Las instituciones de la época apoyaban esta idea de que era necesario manejar a la mujer. Monseñor Mariano Soler sostenía: la mujer  no podía quedar librada “a su propio albedrío”, por eso el padre la entregaba al esposo a fin de “someterla a una dulce pero firme y poderosa tutela”. De otro modo se perdería “ese ser débil, perteneciente a un sexo que si bien es susceptible de todo género de virtudes (…) tiene más peligros con las seducciones de la novedad o con el atractivo de los placeres”.

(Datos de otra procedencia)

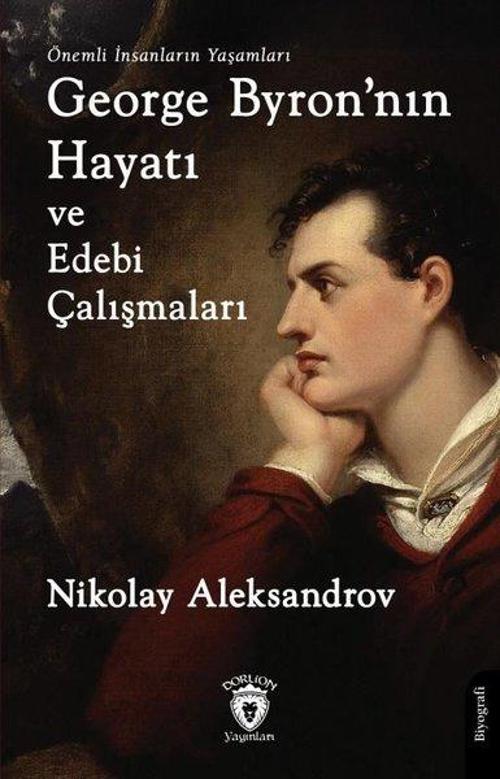 George Byron'nın Hayatı ve Edebi Çalışmaları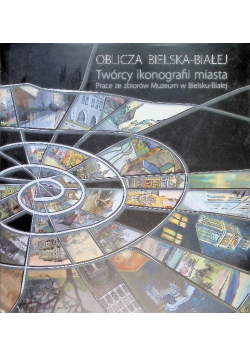 Oblicza Bielska - Białej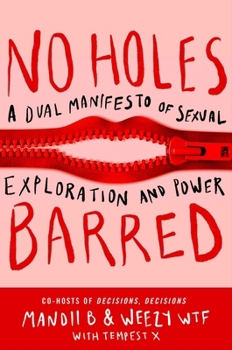 Hardcover No Holes Barred: A Dual Manifesto of Sexual Exploration and Power Book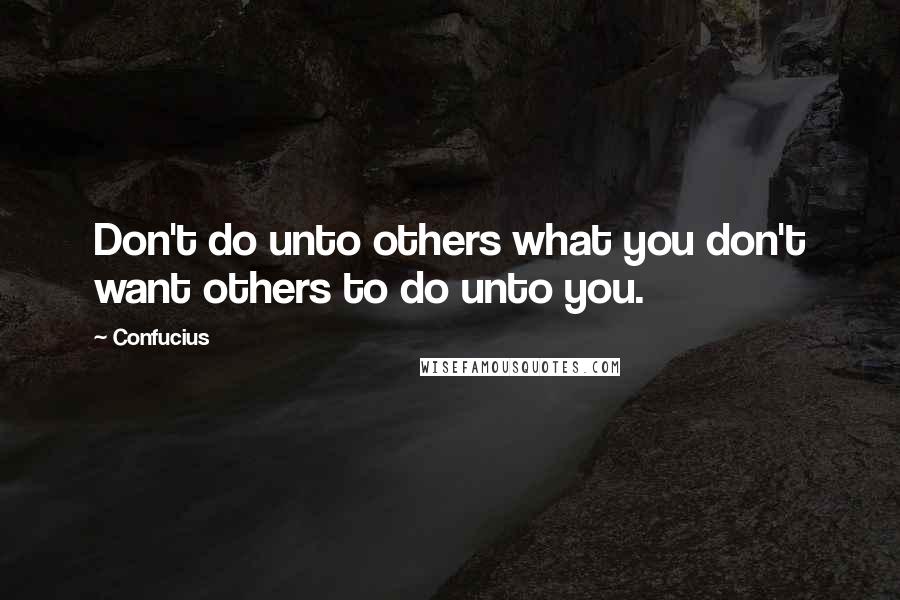 Confucius Quotes: Don't do unto others what you don't want others to do unto you.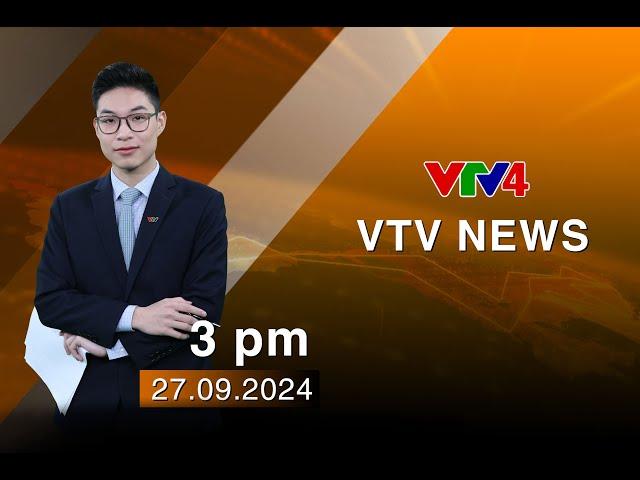 VTV News 15h - 27/09/2024| VTV4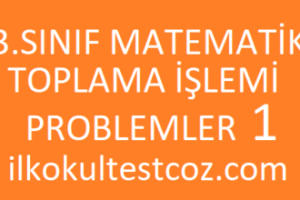 3.Sınıf Matematik Toplama İşlemi Problemler 1 3.Sınıf Matematik Toplama İşlemi Problemler 1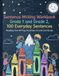 Sentence Writing Workbook Grade 1 and Grade 2, 100 Everyday Sentences, Handwriting Practice For Kids 5-7 Years: Reading And Writing Activities 1st and 2nd Grade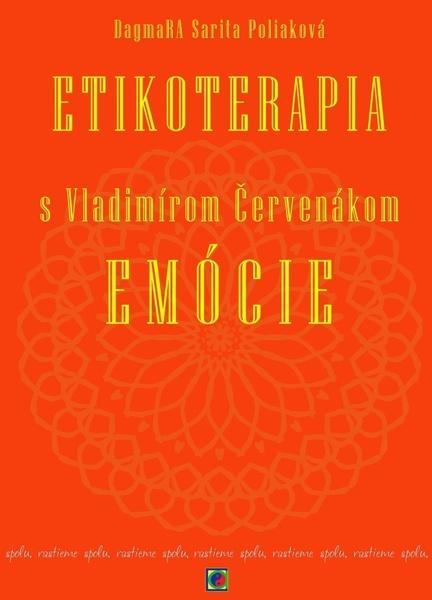 Etikoterapia s Vladimírom Červenákom Emócie - 9788082360205
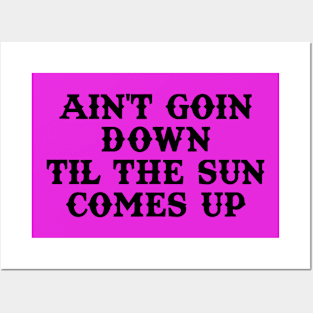 Ain't Goin Down Til The Sun Comes Up Posters and Art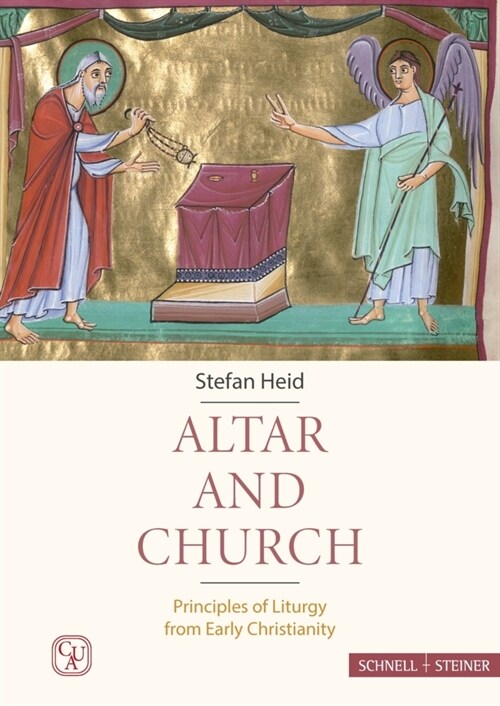 Altar and Church: Principles of Liturgy from Early Christianity (Hardcover)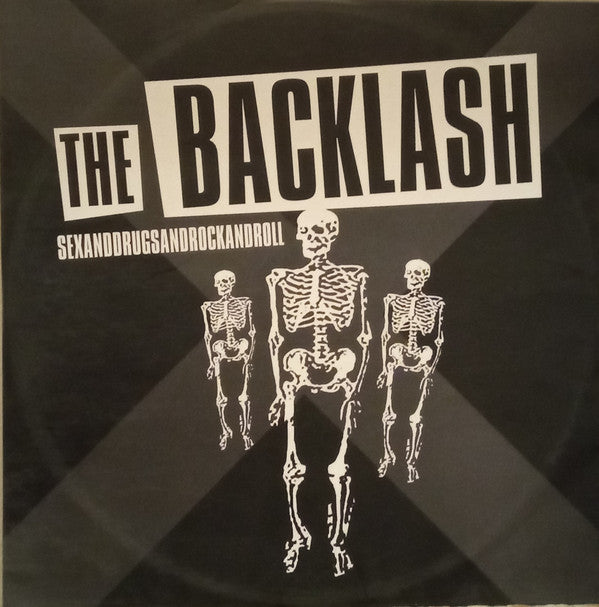 The Backlash : Sexanddrugsandrockandroll (12")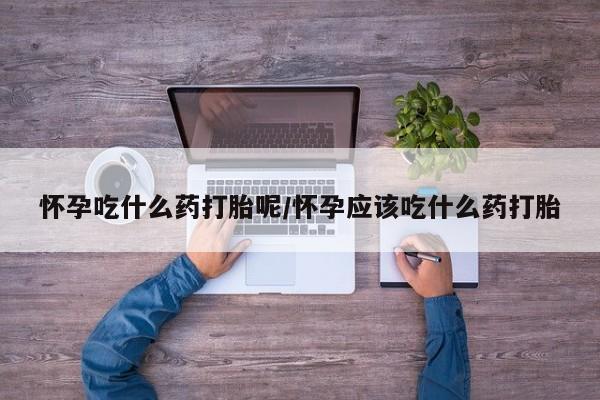 哪里有堕胎药微信怀孕吃什么药打胎呢/怀孕应该吃什么药打胎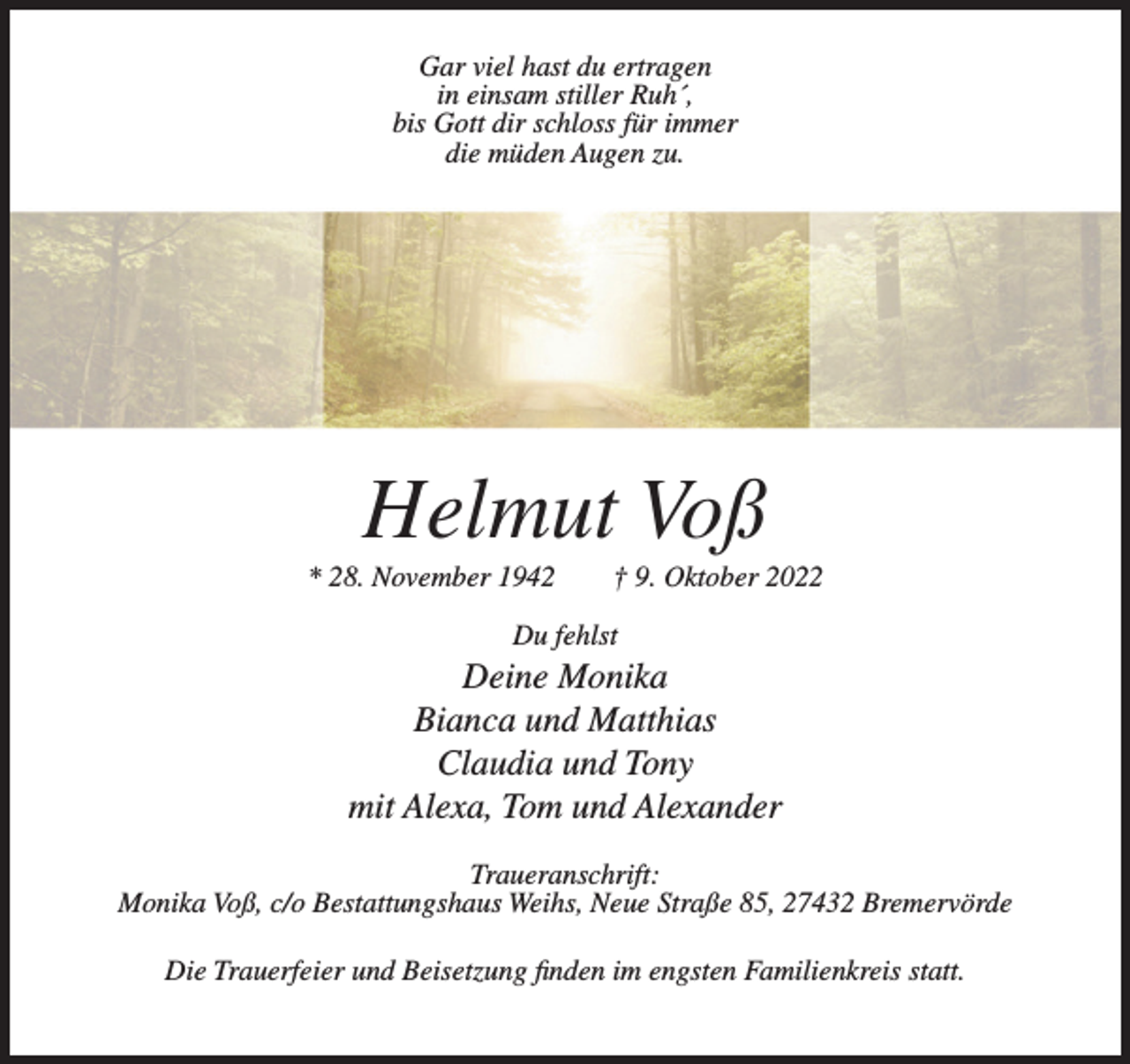 <p>Gar viel hast du ertragen<br />in einsam stiller Ruh´,<br />bis Gott dir schloss für immer<br />die müden Augen zu.</p><p>Helmut Voß<br />* 28. November 1942</p><p>† 9. Oktober 2022</p><p>Du fehlst</p><p>Deine Monika<br />Bianca und Matthias<br />Claudia und Tony<br />mit Alexa, Tom und Alexander<br />Traueranschrift:<br />Monika Voß, c/o Bestattungshaus Weihs, Neue Straße 85, 27432 Bremervörde<br />Die Trauerfeier und Beisetzung finden im engsten Familienkreis statt.</p>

“La mujer era diabólica sobre todo porque se identificaba con la tentación sexual. Para el burgués que quería dominador absoluto, la mujer equivalía a la pasión más poderosa del corazón humano (…) La mujer era un factor inquietante y turbador de la paz interior del burgués. Por ello, como a la sexualidad, de quien era enviada, había que dominarla, vigilarla y obligarla a que se identificara con los roles que el hombre imponía” (…) “La diabolización de la mujer se basaba en que su sexualidad podía poner en discusión el poder del hombre, su auto estima y a la vez su estima social. (…) Por todo ello el hombre necesitaba controlar a la mujer. El burgués construyó una imagen de la mujer ideal y procuró que las mujeres la internalizasen”.(Barrán)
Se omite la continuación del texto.